Rest assured that if you must give a remote deposition to your–or a loved one’s–car accident claim, it is a pretty straightforward process that we here at Lapeze & Johns can elaborate on for you.
Consider These Key Tips When Doing a Remote Deposition
There are a few things you need to check and make sure are in working order before you conduct a remote deposition. First, you should obviously make sure your microphone works. Without audio, your deposition cannot be recorded and documented, so it is an essential proceshous to make sure that it is working.

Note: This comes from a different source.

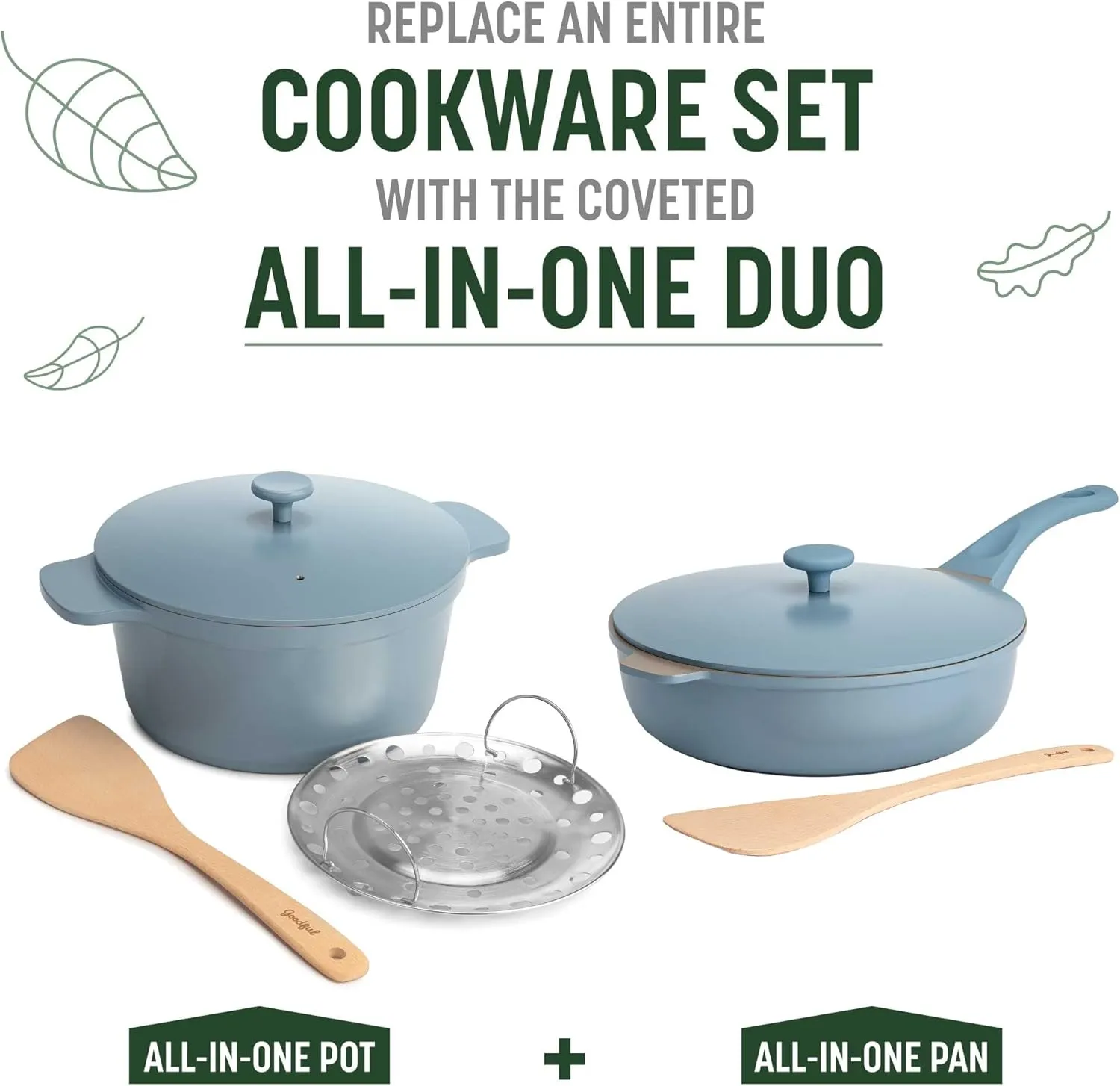Goodful All-in-One Pan, Multilayer Nonstick, High-Performance Cast Construction, Multipurpose Design Replaces Multiple Pots and Pans, Dishwasher Safe Cookware, 11-Inch, 4.4-Quart Capacity, Blue Mist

Next, whether it’s Skype, Zoom, Microsoft Teams, or whatever virtual video app that you’re going to use during your remote deposition, do a test run to make sure everything you will need–audio and the video camera, specifically–will be working properly before you start your remote deposition so that you won’t be troubleshooting any issues during your real session.
Also, don’t forget to check your internet speed. You may want to hook your computer up with an ethernet cord instead of using WiFi if you have experienced slow internet speeds lately. You also want to make sure that you have a quiet room in your home with the right décor for a background. Luckily, some video apps like Zoom allow you to pick a background if your home decoration isn’t up to par.
Lastly, log out or mute any assistant devices or smart speakers such as Echo for Alexa or Google Home Hub for security purposes. These devices are recording everything you say, and it’s in your best interests that they don’t record the proceedings.
What to Expect During the Remote Deposition Proceedings
You’ve consulted with your attorneys about what to expect in the deposition and the manner in which you will answer the questions. You’re ready for your remote deposition, and when it starts, it will commence much like it would were you doing it in person.
However, after the reporter has securely identified who you are, they will read a statement into the record referring to the First Emergency Order regarding the COVID-19 State of Disaster § 2(b-c).
The out-of-court testimony will then commence, and all you have to do is keep your composure and answer the questions precisely, and truthfully, when the reporter has stopped their line of questioning. If the reporter asks you to repeat, keep in mind that this is normal to the process as details must be restated for clarification.